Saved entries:
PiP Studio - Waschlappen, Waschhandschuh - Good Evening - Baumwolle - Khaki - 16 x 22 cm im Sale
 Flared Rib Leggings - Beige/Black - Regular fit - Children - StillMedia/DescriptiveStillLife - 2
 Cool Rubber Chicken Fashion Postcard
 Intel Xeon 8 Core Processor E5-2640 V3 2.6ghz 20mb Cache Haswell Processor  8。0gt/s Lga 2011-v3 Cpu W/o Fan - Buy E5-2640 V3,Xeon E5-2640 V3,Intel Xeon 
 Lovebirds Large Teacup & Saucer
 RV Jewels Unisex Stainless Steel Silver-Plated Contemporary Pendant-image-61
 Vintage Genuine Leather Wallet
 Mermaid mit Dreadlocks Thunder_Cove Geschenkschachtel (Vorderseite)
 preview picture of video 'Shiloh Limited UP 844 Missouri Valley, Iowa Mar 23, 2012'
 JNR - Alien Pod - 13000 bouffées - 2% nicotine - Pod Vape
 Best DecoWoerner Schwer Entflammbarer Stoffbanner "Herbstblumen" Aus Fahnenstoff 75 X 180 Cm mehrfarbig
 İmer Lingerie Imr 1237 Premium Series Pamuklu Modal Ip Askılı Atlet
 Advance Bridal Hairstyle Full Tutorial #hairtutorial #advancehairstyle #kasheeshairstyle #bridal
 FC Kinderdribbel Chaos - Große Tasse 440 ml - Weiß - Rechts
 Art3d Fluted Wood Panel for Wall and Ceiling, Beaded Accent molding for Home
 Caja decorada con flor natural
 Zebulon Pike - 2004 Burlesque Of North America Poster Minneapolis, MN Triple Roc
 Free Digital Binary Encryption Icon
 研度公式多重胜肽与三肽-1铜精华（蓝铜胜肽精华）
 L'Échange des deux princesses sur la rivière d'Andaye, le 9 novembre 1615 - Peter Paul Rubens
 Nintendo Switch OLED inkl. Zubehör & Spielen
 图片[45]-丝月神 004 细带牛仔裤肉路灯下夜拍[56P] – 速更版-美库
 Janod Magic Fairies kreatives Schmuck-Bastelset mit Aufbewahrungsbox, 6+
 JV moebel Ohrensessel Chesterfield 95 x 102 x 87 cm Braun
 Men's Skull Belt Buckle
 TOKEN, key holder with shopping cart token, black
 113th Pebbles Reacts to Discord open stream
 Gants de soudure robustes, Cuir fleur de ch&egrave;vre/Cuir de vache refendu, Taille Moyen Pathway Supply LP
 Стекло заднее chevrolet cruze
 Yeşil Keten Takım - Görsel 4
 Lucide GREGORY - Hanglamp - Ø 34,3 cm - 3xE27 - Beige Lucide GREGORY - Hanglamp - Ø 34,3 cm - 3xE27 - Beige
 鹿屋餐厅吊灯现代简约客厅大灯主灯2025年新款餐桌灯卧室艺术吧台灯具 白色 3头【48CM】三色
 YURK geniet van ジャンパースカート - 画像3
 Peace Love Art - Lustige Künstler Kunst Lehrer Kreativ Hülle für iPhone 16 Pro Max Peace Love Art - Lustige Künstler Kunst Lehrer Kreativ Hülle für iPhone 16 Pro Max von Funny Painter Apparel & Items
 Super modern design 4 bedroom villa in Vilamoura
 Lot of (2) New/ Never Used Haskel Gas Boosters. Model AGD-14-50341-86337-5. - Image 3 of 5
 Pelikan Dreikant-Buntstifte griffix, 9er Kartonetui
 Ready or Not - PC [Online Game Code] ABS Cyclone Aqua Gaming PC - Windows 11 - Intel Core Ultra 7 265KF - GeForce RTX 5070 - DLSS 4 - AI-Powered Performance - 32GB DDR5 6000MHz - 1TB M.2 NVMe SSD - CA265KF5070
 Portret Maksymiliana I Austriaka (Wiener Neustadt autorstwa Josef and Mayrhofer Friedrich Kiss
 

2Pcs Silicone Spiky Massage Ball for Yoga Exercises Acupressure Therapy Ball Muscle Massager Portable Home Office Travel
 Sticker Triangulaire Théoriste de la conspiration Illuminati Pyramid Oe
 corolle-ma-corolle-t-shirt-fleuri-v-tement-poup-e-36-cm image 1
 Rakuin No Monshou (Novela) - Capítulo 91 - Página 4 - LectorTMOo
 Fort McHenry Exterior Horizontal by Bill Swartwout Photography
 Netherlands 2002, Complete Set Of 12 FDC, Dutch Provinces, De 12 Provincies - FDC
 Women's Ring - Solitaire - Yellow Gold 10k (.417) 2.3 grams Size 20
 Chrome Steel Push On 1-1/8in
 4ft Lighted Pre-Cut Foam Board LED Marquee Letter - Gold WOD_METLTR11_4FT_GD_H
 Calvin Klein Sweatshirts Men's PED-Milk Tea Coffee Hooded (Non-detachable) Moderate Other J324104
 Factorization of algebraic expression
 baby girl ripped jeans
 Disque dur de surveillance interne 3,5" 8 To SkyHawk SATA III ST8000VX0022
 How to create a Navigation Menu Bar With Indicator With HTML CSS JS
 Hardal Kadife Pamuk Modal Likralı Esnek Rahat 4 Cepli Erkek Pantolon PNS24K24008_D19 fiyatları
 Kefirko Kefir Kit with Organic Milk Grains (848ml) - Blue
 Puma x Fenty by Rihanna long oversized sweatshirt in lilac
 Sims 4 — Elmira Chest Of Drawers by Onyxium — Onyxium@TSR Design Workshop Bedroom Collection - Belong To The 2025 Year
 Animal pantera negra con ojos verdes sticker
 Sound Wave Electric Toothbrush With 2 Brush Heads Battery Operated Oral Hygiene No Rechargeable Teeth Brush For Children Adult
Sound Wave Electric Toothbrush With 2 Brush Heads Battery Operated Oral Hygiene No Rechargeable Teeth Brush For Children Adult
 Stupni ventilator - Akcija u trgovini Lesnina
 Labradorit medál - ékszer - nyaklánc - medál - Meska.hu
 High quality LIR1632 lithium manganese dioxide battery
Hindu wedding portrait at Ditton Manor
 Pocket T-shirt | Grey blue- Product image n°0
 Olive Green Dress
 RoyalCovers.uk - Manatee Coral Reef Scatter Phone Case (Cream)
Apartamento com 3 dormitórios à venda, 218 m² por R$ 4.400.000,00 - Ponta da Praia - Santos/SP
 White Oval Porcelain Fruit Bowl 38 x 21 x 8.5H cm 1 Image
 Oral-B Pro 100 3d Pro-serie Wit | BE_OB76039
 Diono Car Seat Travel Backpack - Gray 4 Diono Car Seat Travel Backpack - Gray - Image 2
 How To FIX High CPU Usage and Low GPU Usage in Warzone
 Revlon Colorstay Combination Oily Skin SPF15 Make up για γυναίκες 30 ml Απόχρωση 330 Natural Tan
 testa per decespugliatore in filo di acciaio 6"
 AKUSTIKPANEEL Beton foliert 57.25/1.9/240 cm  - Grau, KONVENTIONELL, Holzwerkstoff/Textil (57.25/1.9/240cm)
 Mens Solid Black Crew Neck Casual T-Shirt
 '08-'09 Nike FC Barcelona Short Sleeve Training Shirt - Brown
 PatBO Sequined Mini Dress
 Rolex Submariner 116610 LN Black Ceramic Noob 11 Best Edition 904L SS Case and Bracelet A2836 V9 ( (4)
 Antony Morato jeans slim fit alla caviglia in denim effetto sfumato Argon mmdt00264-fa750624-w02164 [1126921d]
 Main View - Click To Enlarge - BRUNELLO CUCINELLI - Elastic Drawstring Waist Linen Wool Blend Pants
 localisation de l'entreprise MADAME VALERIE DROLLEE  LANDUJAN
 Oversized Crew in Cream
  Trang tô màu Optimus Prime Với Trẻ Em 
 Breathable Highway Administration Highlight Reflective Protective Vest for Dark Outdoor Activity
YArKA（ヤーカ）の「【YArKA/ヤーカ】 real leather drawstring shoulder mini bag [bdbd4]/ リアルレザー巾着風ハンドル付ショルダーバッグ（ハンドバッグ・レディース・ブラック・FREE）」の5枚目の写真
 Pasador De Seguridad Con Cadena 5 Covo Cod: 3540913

→ **Exercise requirements**
Could you reproduce, exactly, every line above from the line with "图片[45]-丝月神 004 细带牛仔裤肉路灯下夜拍[56P] – 速更版-美库" to the line with "- Beige Lucide", and no other line? Both ends count.

→ **Response below**
 图片[45]-丝月神 004 细带牛仔裤肉路灯下夜拍[56P] – 速更版-美库
 Janod Magic Fairies kreatives Schmuck-Bastelset mit Aufbewahrungsbox, 6+
 JV moebel Ohrensessel Chesterfield 95 x 102 x 87 cm Braun
 Men's Skull Belt Buckle
 TOKEN, key holder with shopping cart token, black
 113th Pebbles Reacts to Discord open stream
 Gants de soudure robustes, Cuir fleur de ch&egrave;vre/Cuir de vache refendu, Taille Moyen Pathway Supply LP
 Стекло заднее chevrolet cruze
 Yeşil Keten Takım - Görsel 4
 Lucide GREGORY - Hanglamp - Ø 34,3 cm - 3xE27 - Beige Lucide GREGORY - Hanglamp - Ø 34,3 cm - 3xE27 - Beige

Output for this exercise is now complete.